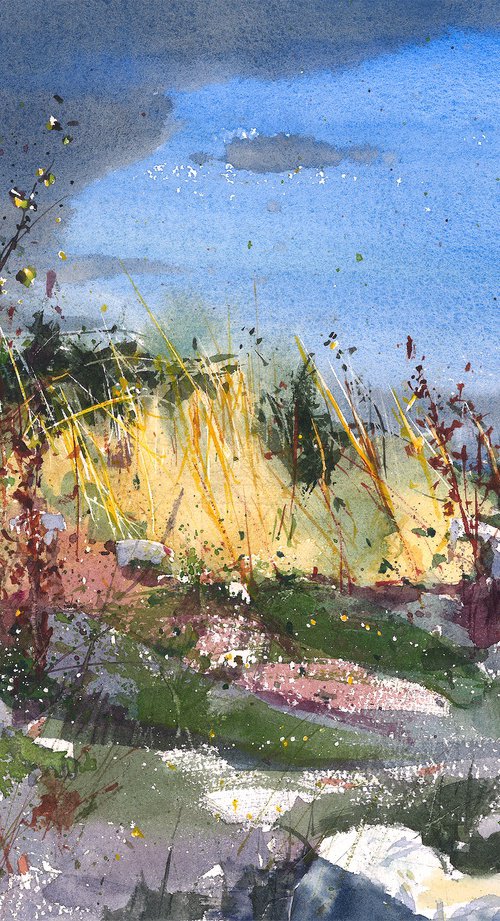 Golden Grasses of County Kerry by Yurii Prysiazhnyi
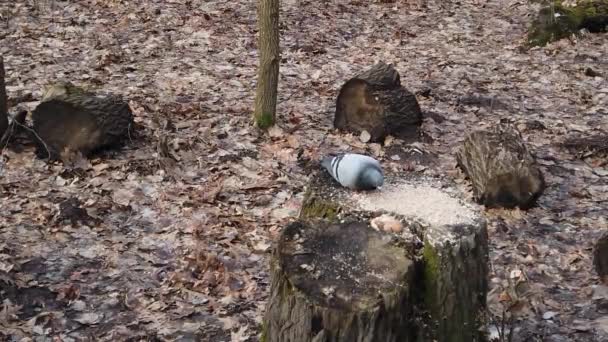 Eine Taube Pickt Ein Hirsekorn Auf Einem Baumstumpf Wald — Stockvideo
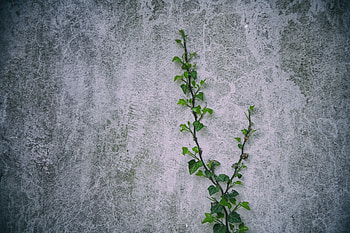 Plant, Texture, Textures, Wall, Loach HD wallpaper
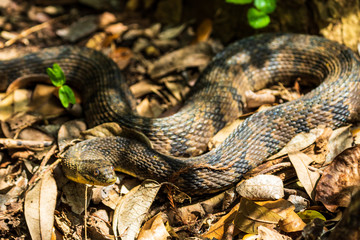 Yellow Bellied water snake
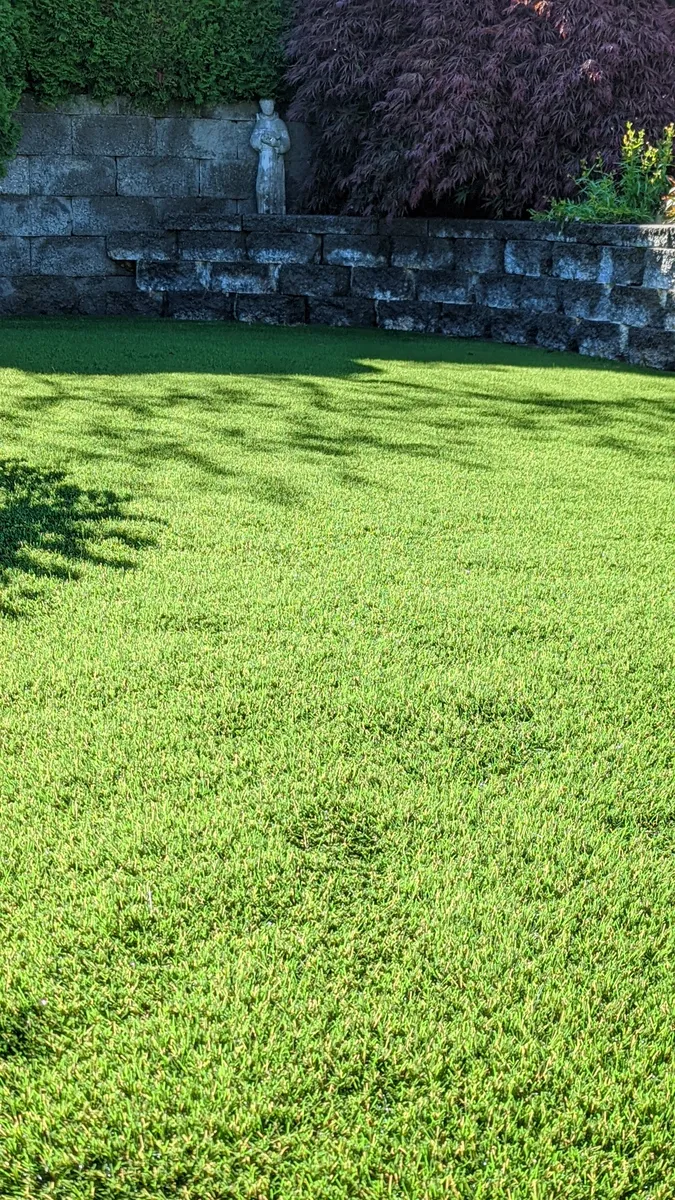 artificial grass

------------------------------------

● **Task item**:
From the line containing "Plant, Texture, Textures, Wall, Loach" through the last line of the entries, both included, print each line exactly and omit any picture.

● **Solution to this task**:
 Plant, Texture, Textures, Wall, Loach HD wallpaper
 Yellow Bellied water snake
 artificial grass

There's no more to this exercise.